Recycled Towels?
Many people are surprised to learn the extent to which we recycle our goods and avoid sending trash to landfills. Consider a very simple example. All businesses have spills that need to be cleaned and surfaces that need to be wiped down. Whether you are a restaurant or a tool and die shop, you need towels! You have two basic choices. The first is a laundry service like Domestic Uniform Rental that offers a re-usable towel service. The second is to purchase disposable towels from a distributor or local store. Every time a towel is used, it has to be put somewhere for disposal. Towels from a laundry service get put into a bag and are taken away for laundering. Store bought towels go in the trash along with whatever substances were on the towel at the time is was done being used. Where do each of those towels then go?

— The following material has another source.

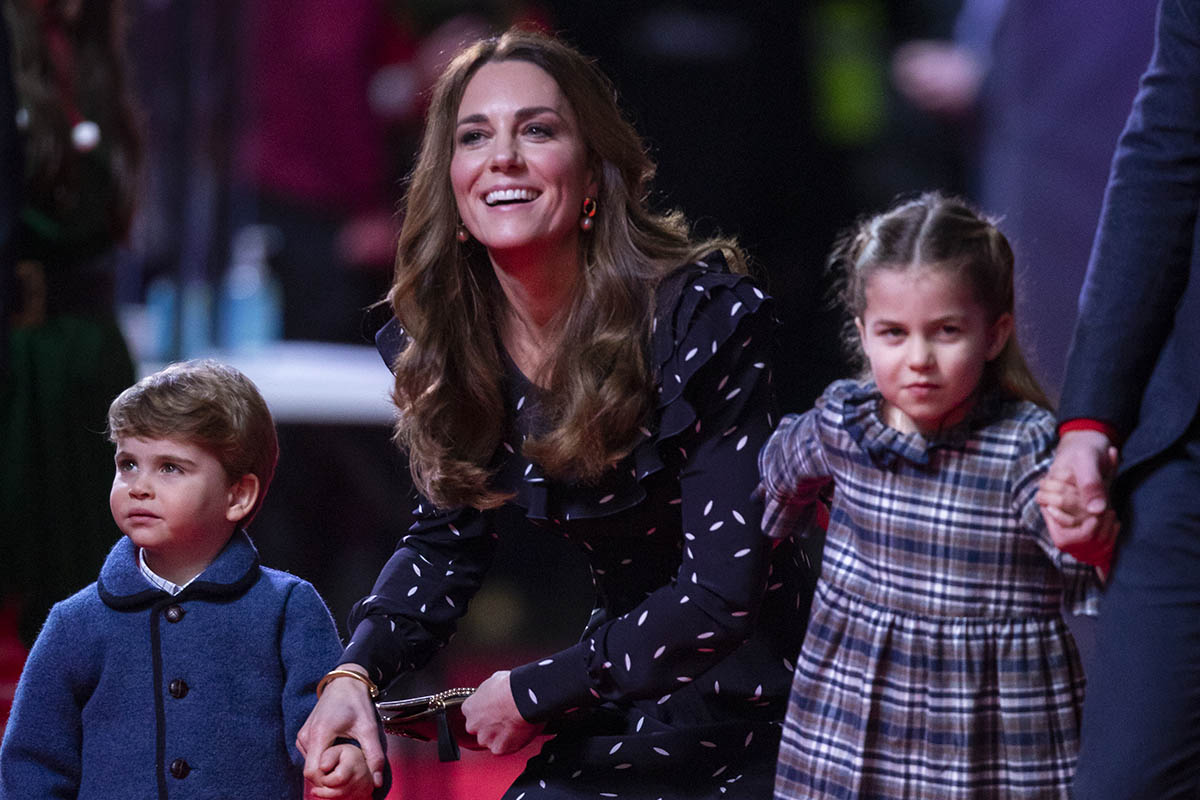 Kate Middleton and their children, Prince Louis, Princess Charlotte attend a special pantomime performance at London's PalladiumTheatre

Domestic will pick up its towels, take them back to our laundry, sort them according to the likely contaminants contained in the soil, and clean and sanitize the towels for another use. All of the contaminants generated by our customers are then removed from the water and appropriately recycled or disposed. Many of the oils that we remove from the water are themselves able to be reused in other applications. Little if anything goes to a landfill.
Now consider the store bought towels. They are basically put into a trash container along with all of the other refuse of the business and sent to a landfill where they sit for years until they biodegrade. What is worse is whatever was wiped up with that towel travels to the landfill with the towel. That towel will never be used again and the natural resources used to make that towel will be wasted.

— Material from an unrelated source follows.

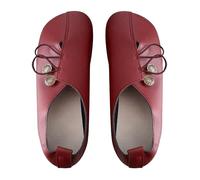 Bailarina redonda para mujer, bailarinas clásicas, zapatos planos, zapatos de mujer, cómodos, antideslizantes, para caminar, elegantes, mocasines de conducción, zapatos planos, rojo, 40 EU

But we’re not done! When a towel is stained or torn, it will be pulled from rental inventory by our inspection team and sold as a rental rag to our customers for use in more difficult applications that would normally damage our rental towels. But we’re still not done! We will pick up even our rental rags, launder them, and send them out for re-use once again. All told, a single towel could end up doing the same job as 50 store bought towels. Multiply that by the hundreds of thousands of towels that we launder in a single week and you can begin to imagine the impact.